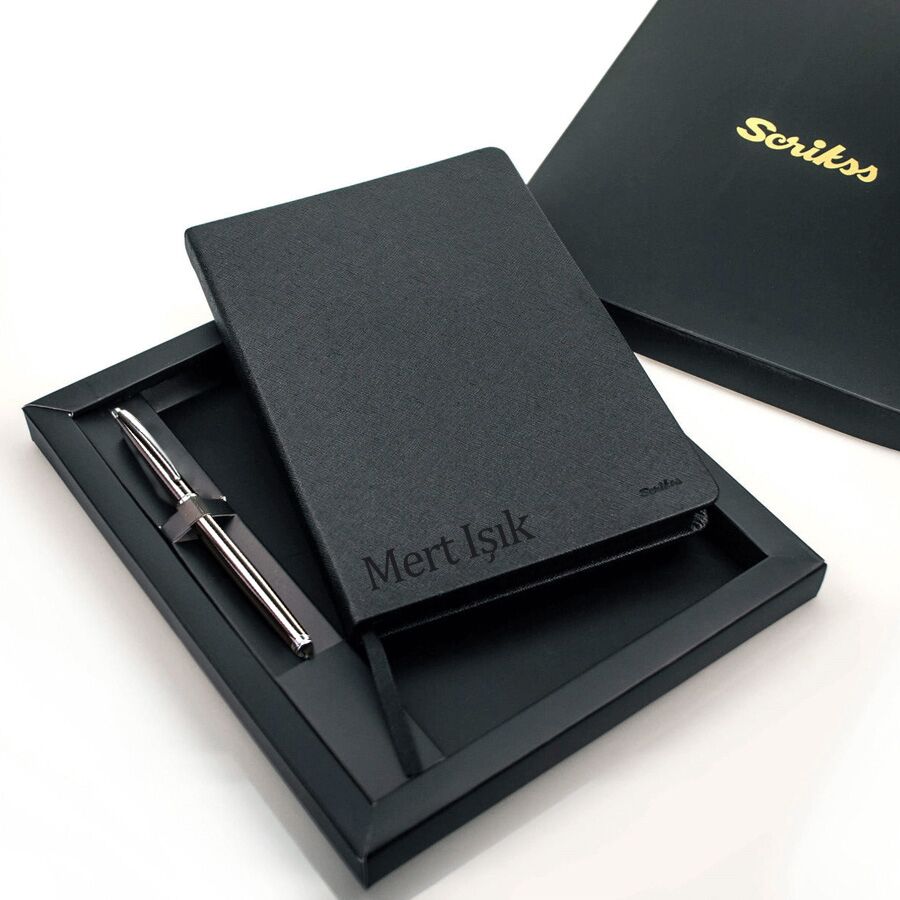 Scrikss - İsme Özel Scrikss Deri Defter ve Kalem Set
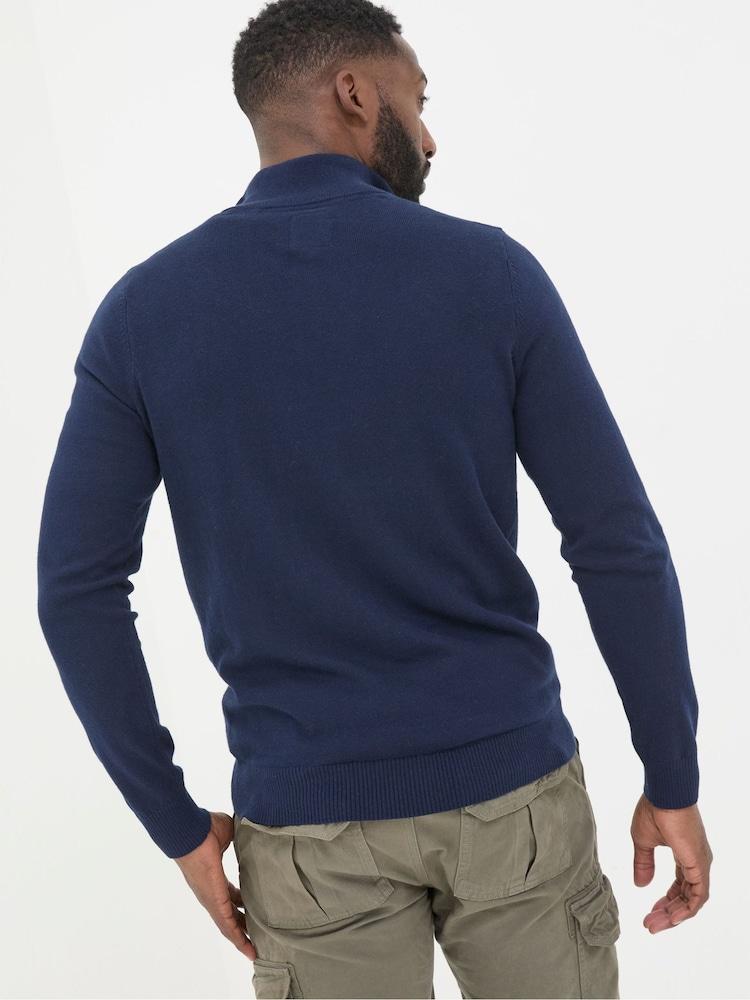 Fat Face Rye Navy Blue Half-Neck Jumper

---

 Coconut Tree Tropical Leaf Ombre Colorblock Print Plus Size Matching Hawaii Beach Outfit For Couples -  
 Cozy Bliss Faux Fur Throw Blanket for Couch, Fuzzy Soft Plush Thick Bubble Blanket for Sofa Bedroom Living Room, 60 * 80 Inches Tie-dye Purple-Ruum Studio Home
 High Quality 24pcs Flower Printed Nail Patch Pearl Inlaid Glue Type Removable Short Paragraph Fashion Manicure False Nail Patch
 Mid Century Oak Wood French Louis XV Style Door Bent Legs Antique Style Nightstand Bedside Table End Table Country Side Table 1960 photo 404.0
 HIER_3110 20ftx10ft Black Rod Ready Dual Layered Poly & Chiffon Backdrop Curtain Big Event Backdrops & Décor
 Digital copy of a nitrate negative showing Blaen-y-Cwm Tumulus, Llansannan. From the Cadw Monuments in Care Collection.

* * *

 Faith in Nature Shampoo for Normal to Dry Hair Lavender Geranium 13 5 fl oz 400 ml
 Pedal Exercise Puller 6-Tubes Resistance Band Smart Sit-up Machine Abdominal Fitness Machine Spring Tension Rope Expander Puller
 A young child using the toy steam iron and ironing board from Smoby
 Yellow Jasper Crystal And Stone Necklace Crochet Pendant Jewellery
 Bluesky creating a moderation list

## [ABOUT THIS EXERCISE]
Starting at the line that has "Yellow Jasper Crystal" and ending at the line that has "Bluesky creating a moderation list", please write out the lines above exactly, leaving out all others.

## [WRITTEN RESPONSE]
 Yellow Jasper Crystal And Stone Necklace Crochet Pendant Jewellery
 Bluesky creating a moderation list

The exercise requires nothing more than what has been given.